Exercise 11.1 Page: 220

**In each of the following, give the justification for the construction also.**

**1. Draw a line segment of length 7.6 cm and divide it in the ratio 5:8. Measure the two parts**.

Construction Procedure

A line segment with a measure of 7.6 cm length is divided in the ratio of 5:8 as follows.

1. Draw line segment AB with a length measure of 7.6 cm.

2. Draw a ray AX that makes an acute angle with line segment AB.
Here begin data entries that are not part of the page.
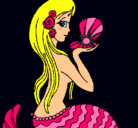 Dibujo Sirena y perla pintado por lauri10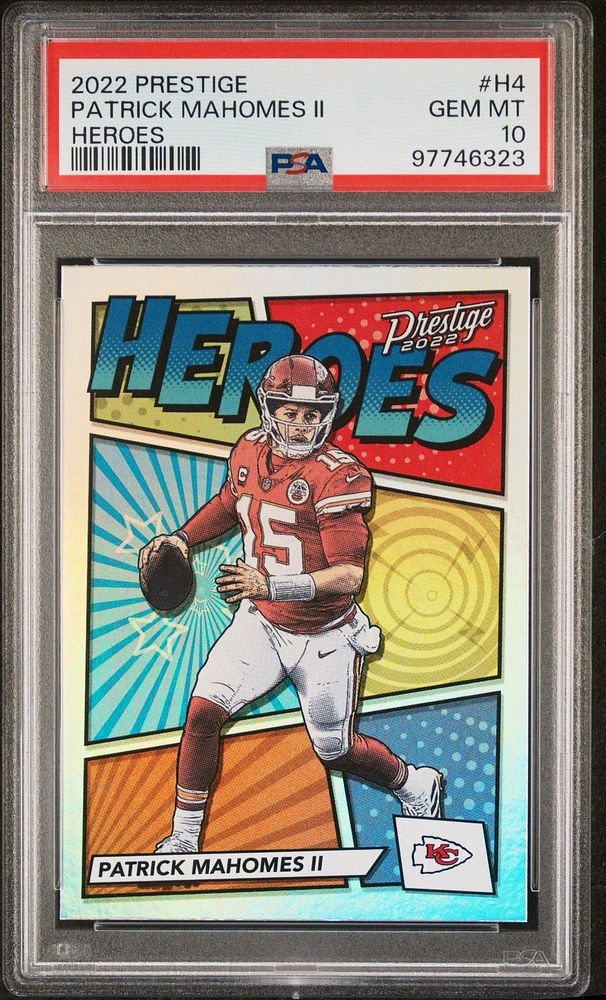 2022 Panini Prestige Heroes H4 Patrick Mahomes Ii PSA 10
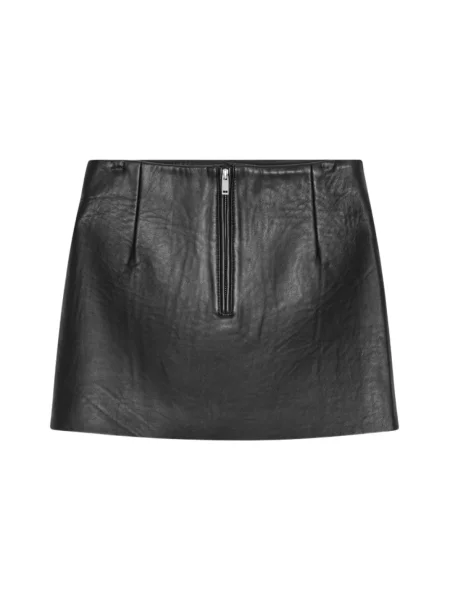 Mała mały spódnica skórzana Remain Birger Christensen czarna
3. Locate the points, i.e.,13 (= 5+8) points, such as A1, A2, A3, A4 …….. A13, on the ray AX, such that it becomes AA1 = A1A2 = A2A3 and so on.

4. Join the line segment and the ray, BA13.

5. Through the point A5, draw a line parallel to BA13 which makes an angle equal to ∠AA13B.

6. Point A5, which intersects line AB at point C.

7. C is the point that divides line segment AB of 7.6 cm in the required ratio of 5:8.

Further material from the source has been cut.